━━━ Dataset extract ━━━

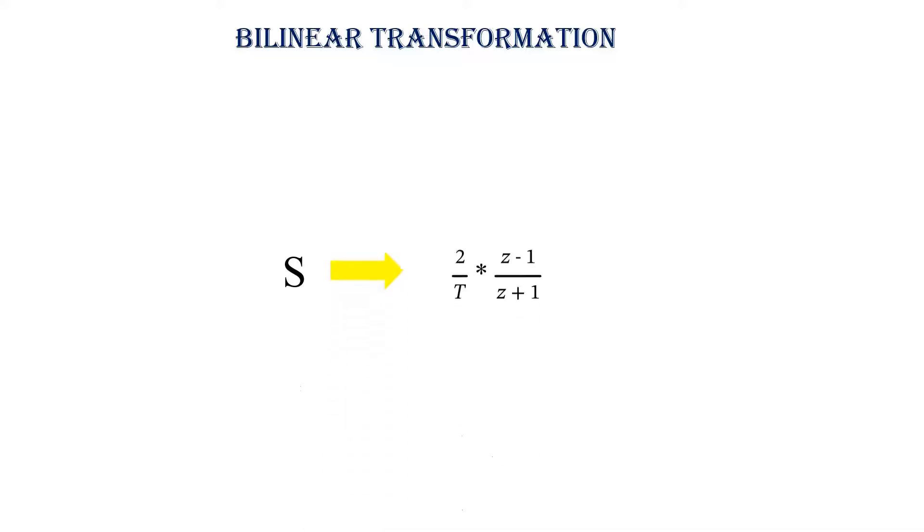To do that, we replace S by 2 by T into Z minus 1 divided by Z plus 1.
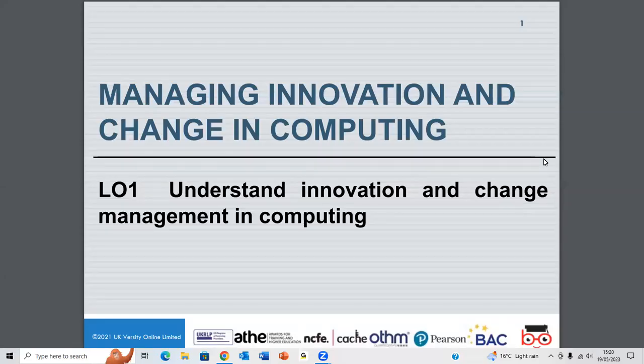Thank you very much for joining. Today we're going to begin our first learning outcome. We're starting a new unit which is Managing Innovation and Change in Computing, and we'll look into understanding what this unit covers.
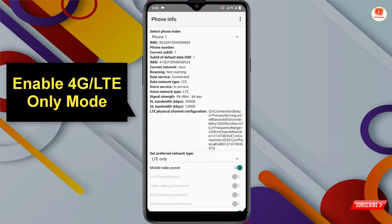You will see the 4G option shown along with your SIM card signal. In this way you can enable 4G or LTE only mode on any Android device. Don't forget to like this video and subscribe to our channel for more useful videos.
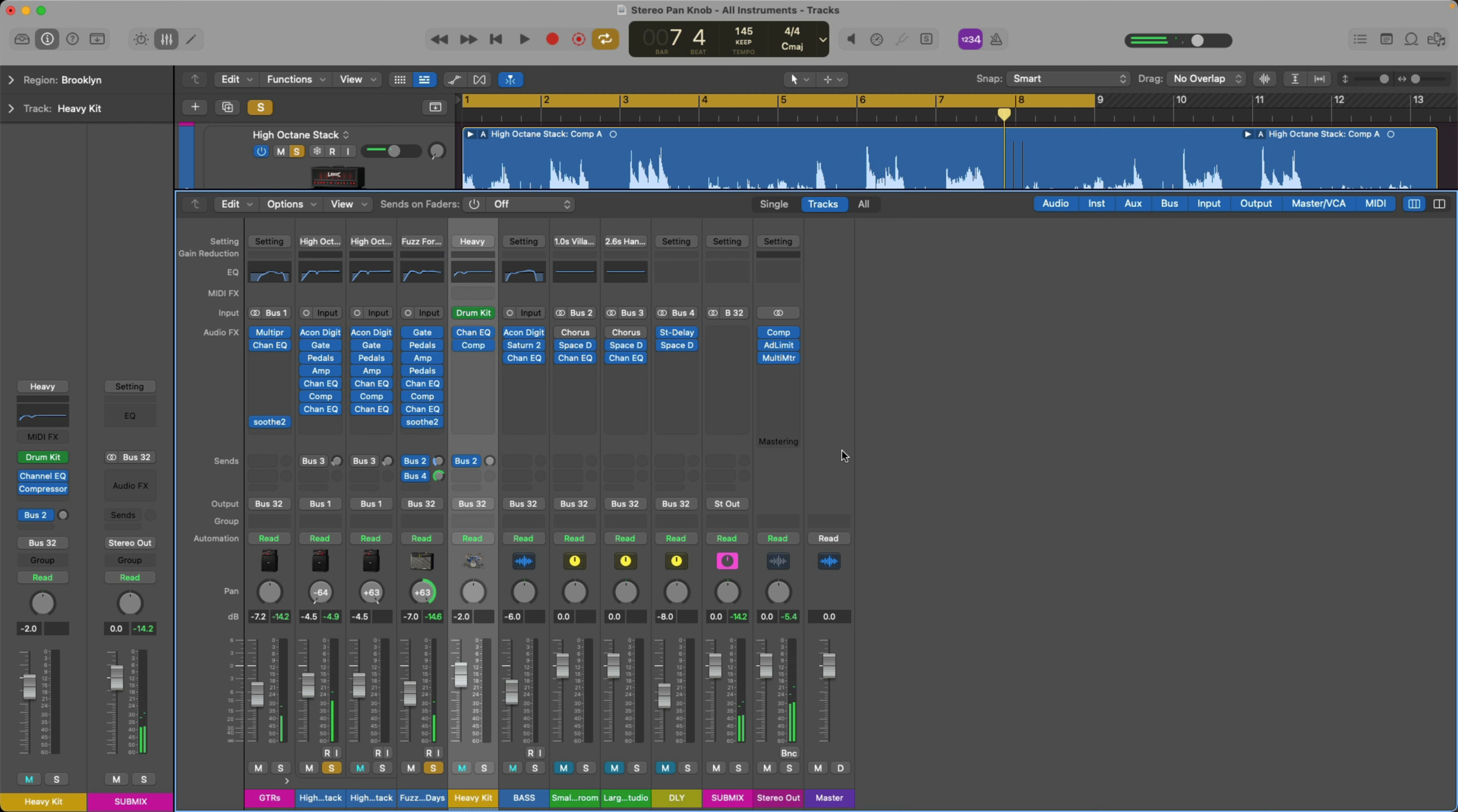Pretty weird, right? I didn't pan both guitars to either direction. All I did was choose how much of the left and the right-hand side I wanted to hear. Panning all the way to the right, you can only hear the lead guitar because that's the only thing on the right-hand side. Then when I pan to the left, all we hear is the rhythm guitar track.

━━━

### Your objective
Beginning with the line that holds "You will see", write out exactly the lines down to the end of the material above, and no others. Pictures are not part of the copy.

### Output for this exercise
You will see the 4G option shown along with your SIM card signal. In this way you can enable 4G or LTE only mode on any Android device. Don't forget to like this video and subscribe to our channel for more useful videos.
Pretty weird, right? I didn't pan both guitars to either direction. All I did was choose how much of the left and the right-hand side I wanted to hear. Panning all the way to the right, you can only hear the lead guitar because that's the only thing on the right-hand side. Then when I pan to the left, all we hear is the rhythm guitar track.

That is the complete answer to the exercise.